Julia starts as a dynamic language due to its scientific computing heritage that requires rapid prototyping and REPL-first experimentation.
However, to solve what is commonly known as the 2-language problems (write in Python, Matlab, R and productionize in C, C++, Fortran), it also provides an efficient JIT (provided types can be inferred). This sometimes requires Julia to drive towards specifying types and static language) to help the compiler.

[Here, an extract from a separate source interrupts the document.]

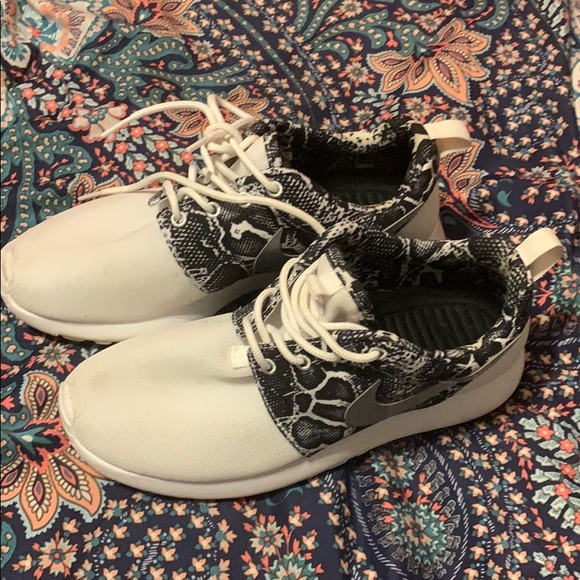 Nike Shoes - Nike Shoes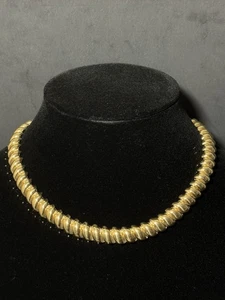 Vintage Ciner goldfarbener Halsreif Halskette - Bild 1 von 19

Nim on the other end, starts as a static language due to its focus on safety. But it also has a focus on expressiveness, this shows in the dynamic like construct that the language allows.
For instance, Nim has a very strong appeal to game developers. And not unlike scientific computing, game dev also has a 2-language problem where the game needs to be in a static language for hardware reason, for platform support, for security/obfuscation, memory use, etc. But often games also require a scripting language for scripting high-level behaviours or proposing a modding language to modders, this has traditionally been Lua or Lisp or a custom language (it’s a rabbit hole on Youtube) but Nim has an unique proposition there:

  • Nim compiler can be used a a library (as soon as this regression is fixed)
    import compiler/[nimeval, llstream]
    
    proc evalString(code: string, moduleName = "script.nim") =
      let stream = llStreamOpen(code)
      let std = findNimStdLibCompileTime()
      var intr = createInterpreter(moduleName, [std])
      intr.evalScript(stream)
      destroyInterpreter(intr)
      llStreamClose(stream)
    
    let runtimeString = "echo \"Hello World\""
    evalString(runtimeString)
    
  • It also provides hot-code reloading, so you can hot-patch code while a program is running.

In short:

  • Julia starts within a strongly dynamic domain and wants to allow the speed of static languages when it matters without their ergonomic flaws.
  • Nim targets static domains where strong memory, speed and dependency-free guarantees are required and still wants to allow the flexibility of dynamic languages.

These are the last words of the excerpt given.